Exercise ▸ Pictures aside, every line of the listing should be given again exactly.

Data provided ▸
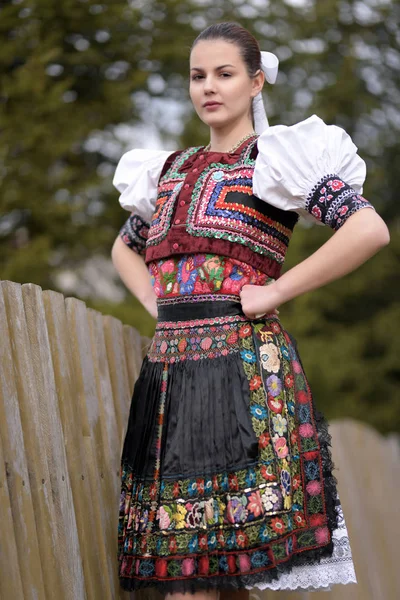 Jovem Bela Mulher Eslovaca Traje Tradicional — Fotografia de Stock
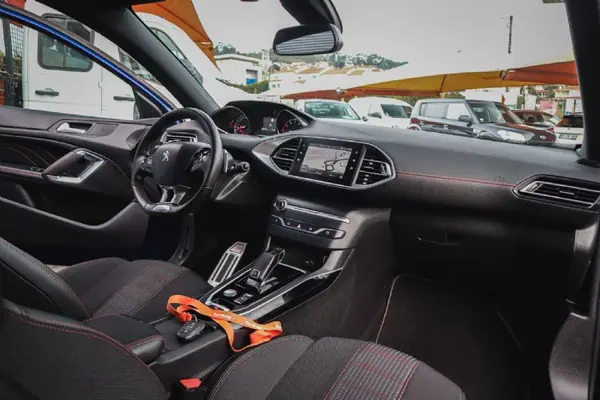 Peugeot 308 SW 2018 - 12350 EUR, 79660 km - AUTO.MOTO.pt - 79660km - foto 8 de 27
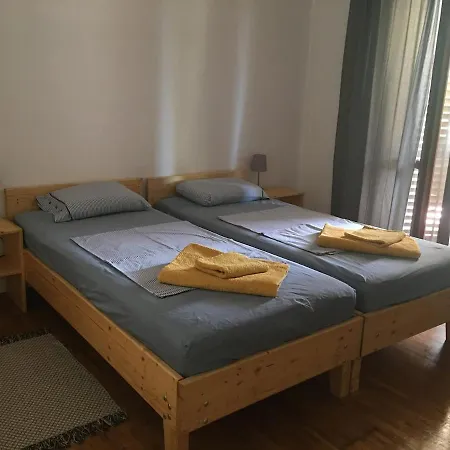 Olivia Apartment, * Zambratija (Istria)
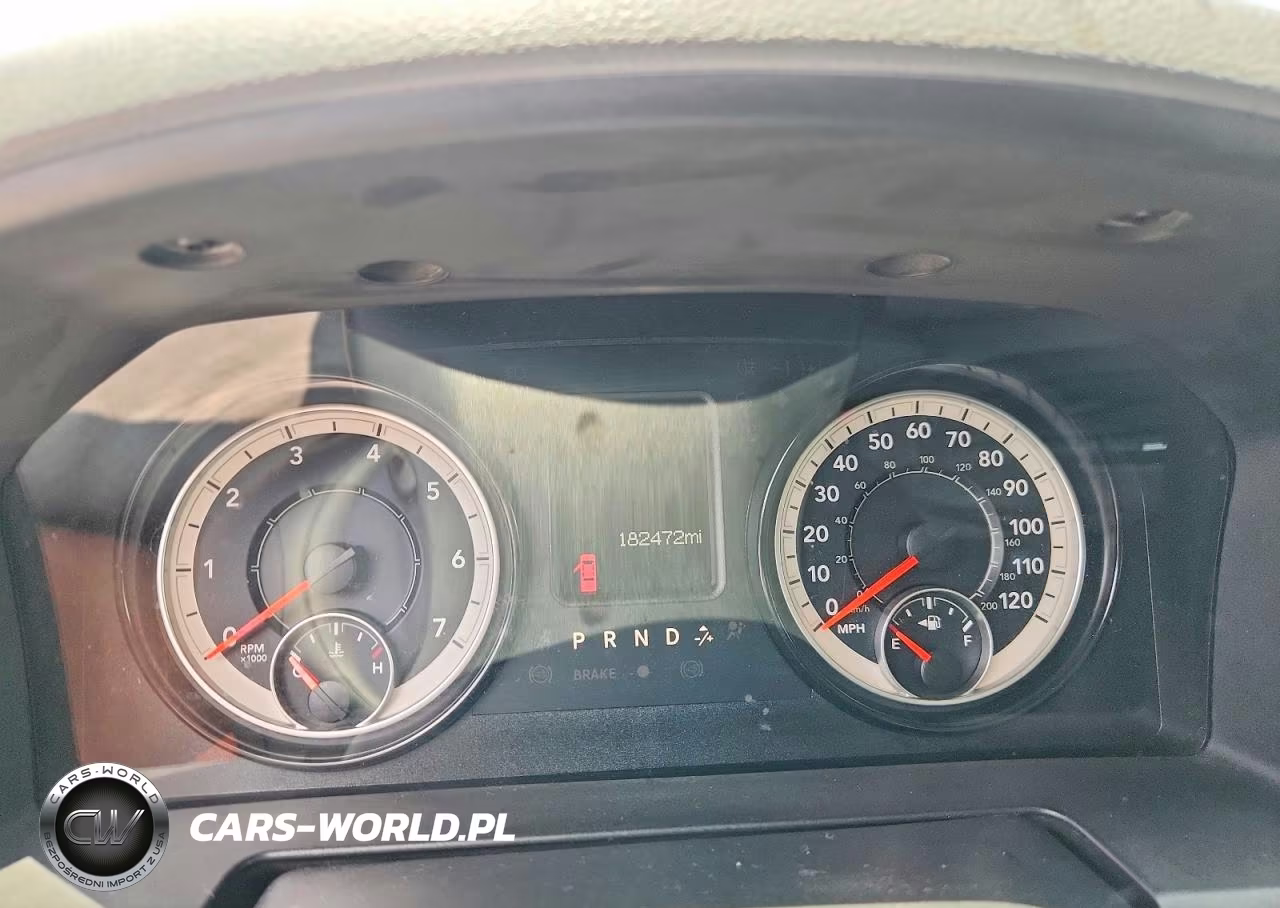2018 Ram 1500 St VIN:1C6RR6FG8JS114796 - 9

Result of this task ▸
 Jovem Bela Mulher Eslovaca Traje Tradicional — Fotografia de Stock
 Peugeot 308 SW 2018 - 12350 EUR, 79660 km - AUTO.MOTO.pt - 79660km - foto 8 de 27
 Olivia Apartment, * Zambratija (Istria)
2018 Ram 1500 St VIN:1C6RR6FG8JS114796 - 9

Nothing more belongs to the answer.